Materials and methods

Study population

The Skin Health Study was approved by the Institutional Review Board at the University of Minnesota. The Skin Health Study is a population-based case–control study that recruited individuals from Minnesota, ages 25–59, diagnosed with invasive cutaneous melanoma (cases) between 2004 and 2007 as ascertained by the state cancer registry. Controls were randomly selected from the state drivers' licence list and frequency matched (1:1) to cases on age and gender (7). Approximately 68% of cases (n = 1380) and 51% of controls (n = 1590) were eligible after initial screening. From the eligible participants, 85% of cases (n = 1167) and 69% of controls (n = 1101) completed the self-administered questionnaire and a telephone interview. Eligible participants (n = 1753) submitted mouthwash samples from which DNA was isolated and used for genotyping. This study sample was restricted to 1746 eligible individuals with both genotype and phenotype data.

Exposure measurement

The development of the instrument for demographic, phenotypic and exposure information has been previously described (7). Detailed information on lifetime indoor tanning behaviour was collected by a mixed-mode instrument consisting of a self- and a telephone-administered questionnaire (7). Standard demographic information included age, sex, income and education. Information was also collected for skin, hair and eye colour, body mass index (BMI), lifetime number of painful sunburns and family history of melanoma. Hair colour, eye colour and inability to tan were used to create a phenotypic index score that has been shown to be associated with increased risk of melanoma (25). Hair colour, eye colour and inability to tan were assigned a numerical value, and the sum of these phenotypes, ranging from 1 to 5, represents the phenotypic index score: hair colour (1 = black/dark brown; 2 = light brown/blond; 3 = red), eye colour (0 = black/brown; 1 = hazel/green/grey/blue) and inability to tan (0 = easily tan; 1 = poorly tan).

Selection of SNPs

Tagging and functional SNPs were chosen in candidate genes related to dopamine regulation and drug metabolism that were previously shown to be associated with addiction to alcohol, nicotine or other substances (20,22,26). A total of 67 SNPs from five genes (ANKK1, CYP2A6, CYP2A7, DRD2 and SLCA3) were examined. Tagging SNPs were identified using Haploview (27).

SNP genotyping

Biological samples were collected by mouthwash and mailed directly to the University of New Mexico Molecular Epidemiology Laboratory where DNA was extracted using DNeasy Qiagen kits (Qiagen, Valencia, CA, USA) per manufacturer protocol.

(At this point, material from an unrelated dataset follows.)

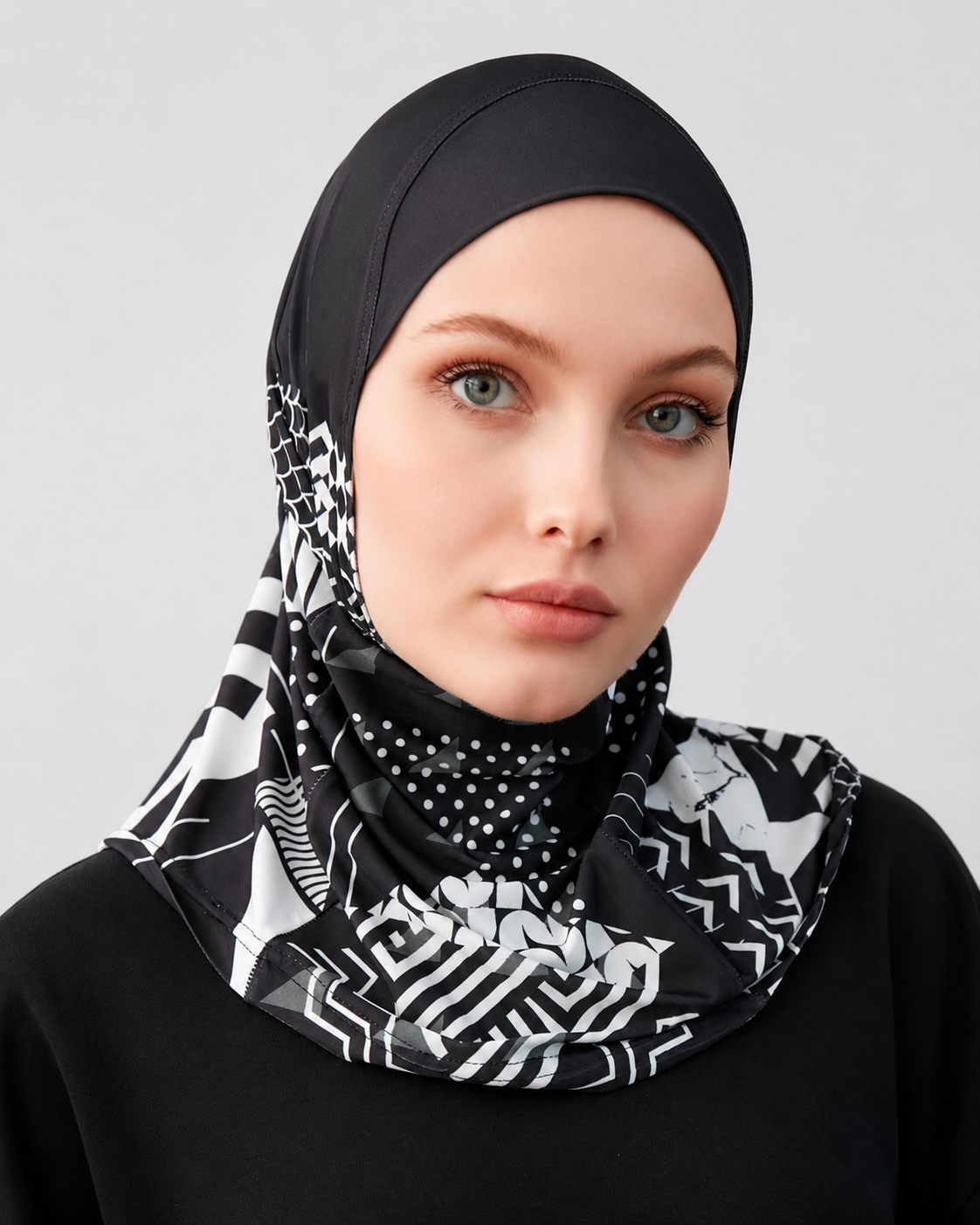 Axis Print Sports Hijab JILBAYA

SNPs were genotyped on the Illumina GoldenGate (Illumina, Inc., San Diego, CA, USA) platform at the University of Utah Genotyping Core.

Quality control

To eliminate potential confounding by race/ethnicity, 46 non-white subjects were removed from the analysis. Seven additional subjects who were missing phenotypic indices were also excluded. Thirty DNA samples with SNP call rates <95%, potentially indicating low-quality samples, were removed from the analysis to minimize genotyping error. The resulting sample set contains 1663 subjects and 67 SNPs, where each SNP has a genotyping rate >95% and each sample also has a genotyping rate >95%. The overall genotyping call rate in the final analysis set was 99.87%. Hardy–Weinberg equilibrium (HWE) was calculated in the control group for each SNP. The genotype distributions for six SNPs showed deviation from the HWE at a P-value <0.0007. These SNPs were retained for single SNP analysis as deviation from HWE can be due to association (28); however, these SNPs were flagged if they were found to be significantly associated with tanning behaviour and reported as such. SNPs of HWE were not used for haplotype analysis.

Statistical analysis

Due to possible confounding of tanning behaviour and melanoma, we first assessed the association of SNPs or haplotypes with having ever or never tanned indoors in control participants only. For the analysis of 67 individual SNPs in relation to indoor tanning, an additive genotype model was used, except when the minor homozygote subject count was <10, then a dominant model was used. Logistic regression was used to calculate crude and age- and sex-adjusted odds ratios (OR), 95% confidence intervals and P-values for the association between each SNP and indoor tanning behaviour.

We assessed the association between haplotypes and tanning behaviour among controls by performing haplotype trend regression for each haplotype block using an additive haplotype model. Within each haplotype block, we reconstructed the haplotypes from the SNP genotype input data using a Bayesian method (29). To take into account the haplotype phase uncertainty, the probabilities of being different haplotypes for each individual were incorporated as the predictor variable in the haplotype trend regression (30). The analyses were restricted to those haplotypes with estimated frequencies >0.01.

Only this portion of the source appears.